Saturated vapor density \(\rho _{sat,v}\) (m\(^{-3}\)) data reported by NIST [16] have been fitted to a polynomial function in exponent as

$$\begin{aligned} \rho _{sat,v} (T) = \exp \left( \sum \limits _{i=0}^4 \frac{a_i}{T^i} \right) \end{aligned}$$

(D16)

where \(a_0\) = 2.855\(\times\)10\(^{1}\), \(a_1\) = −2.897\(\times\)10\(^{4}\), \(a_2\) = 1.304\(\times\)10\(^{7}\), \(a_3\) = −3.116\(\times\)10\(^{9}\), and \(a_4\) = 2.722\(\times\)10\(^{11}\).
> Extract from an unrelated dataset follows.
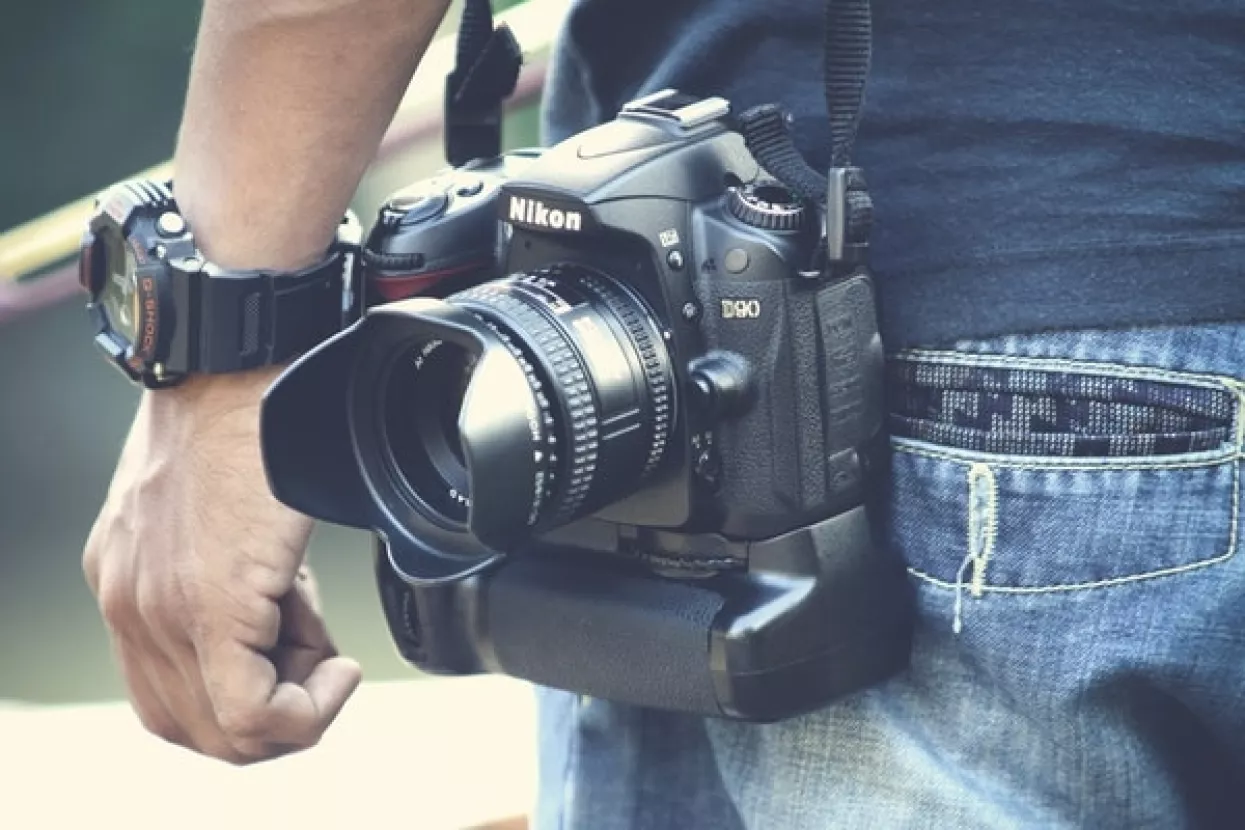 Četiri stotine razodjevenih ljudi poziralo na krovu supermarketa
Liquid density \(\rho _{l}\) (m\(^{-3}\)) data reported by NIST [16] have been fitted to a polynomial function

$$\begin{aligned} \rho _{l} (T) = \sum \limits _{i=0}^4 \frac{b_i}{T^i} \end{aligned}$$

(D17)

where \(b_0\) = −4.686\(\times\)10\(^{3}\), \(b_1\) = 7.169\(\times\)10\(^{6}\), \(b_2\) = −3.533\(\times\)10\(^{9}\), \(b_3\) = 7.954\(\times\)10\(^{11}\), and \(b_4\) = −6.815\(\times\)10\(^{13}\).

Appendix 5. Thermophysical properties of TIP4P/2005 water

Parametrizations of thermophysical properties of TIP4P/2005 water valid for the temperature range 325–475 K follow below.

Surface tension \(\sigma\) (N/m) was parametrized by Vega and Miguel [19] as Eq. (D14), where \(s_1\) = 0.22786, \(s_2\) = 0.6413, and \(T_c\) = 641.4.

Saturation pressure \(p_{sat}\) (Pa) data reported by Vega et al. [20] have been fitted to an Antoine-type of function (D15), where \(p_1\) = 12.46120, \(p_2\) = −4476.552, and \(p_3\) = −41.49840.

Saturated vapor density \(\rho _{sat,v}\) (m\(^{-3}\)) data reported by Vega et al. [20] have been fitted to function Eq. (D16), where \(a_0\) = 3.578\(\times\)10\(^{1}\), \(a_1\) = −3.935\(\times\)10\(^{4}\), \(a_2\) = 1.825\(\times\)10\(^{7}\), \(a_3\) = −4.216\(\times\)10\(^{9}\), and \(a_4\) = 3.526\(\times\)10\(^{11}\).

Liquid density \(\rho _{l}\) (m\(^{-3}\)) data reported by Vega et al. [20] have been fitted to function Eq. (D17), where \(b_0\) = −5.385\(\times\)10\(^{3}\), \(b_1\) = 8.130\(\times\)10\(^{6}\), \(b_2\) = −3.958\(\times\)10\(^{9}\), \(b_3\) = 8.6345\(\times\)10\(^{11}\), and \(b_4\) = −7.067\(\times\)10\(^{13}\).